"Do you believe that YPG/PYD in Syria is working for the benefit and future of our Kurdish brothers?" Erdoğan asked. "Never. This is not the case."
He said he always spoke out against the abuse of Kurdish people's rights by Bashar al-Assad's regime.
"I asked him, back in the days when we were on good terms, why they did not give them [Kurds] identity cards or passports. But Assad never cared about them."
"DAESH EQUALS YPG/PYD IN SYRIA"
Erdoğan said that Daesh in Syria equaled "YPG/PYD".

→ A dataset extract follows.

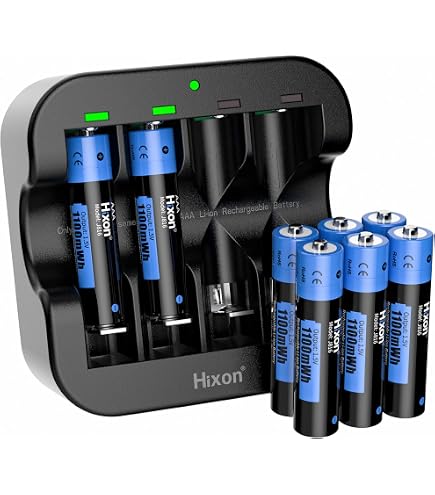 Pallus Wiederaufladbare AA Lithium Akkus – 4 Stück Mit Ladegerät, 3000 MWh, 1600 Ladezyklen, 2-Stunden-Schnellladung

"Whoever established Daesh and armed them, and wreaked carnage in the country [Syria], is now arming and controlling and guiding YPG/PYD," he said, in an indirect reference to the U.S.

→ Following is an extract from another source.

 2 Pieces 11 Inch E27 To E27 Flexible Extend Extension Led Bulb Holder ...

For the Syrian people, their "only friend" is Turkey, he added.
"Our nation must know that enemies of Turkey and their local collaborators will never succeed to get what they aim at," he concluded.

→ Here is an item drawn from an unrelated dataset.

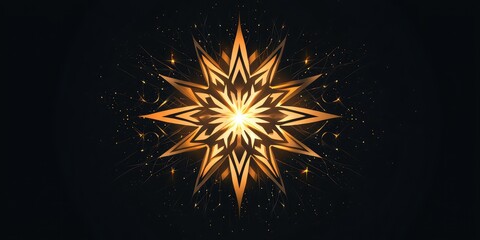 An abstract logo concept with glowing elements radiating from a central icon.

Last Tuesday, Turkey's National Security Council termed the PKK/PYD terror group's ethnic cleansing in Syria "unacceptable".
The council met under the leadership of Erdoğan in capital Ankara.
"PKK/PYD/YPG terrorist organization's efforts to carry out a covert ethnic cleansing by changing the demographic structure of Syria is against international law and human rights, and, therefore, it is unacceptable," said a statement released after the meeting.
Turkey will continue to take every necessary measure at the Turkey-Syria border area to ensure its own security, the council said.
The PKK/PYD is the Syrian branch of the PKK terrorist network, which has waged war against Turkey for more than 30 years. Turkey considers PKK, PYD, and YPG all one and the same.
While recognizing the PKK as a terrorist group, the U.S. has treated the PKK/PYD/YPG as an ally in its anti-Daesh efforts, despite its PKK ties documented by Turkey.
Since the PKK launched its terror campaign in Turkey in 1984, tens of thousands of people have been killed.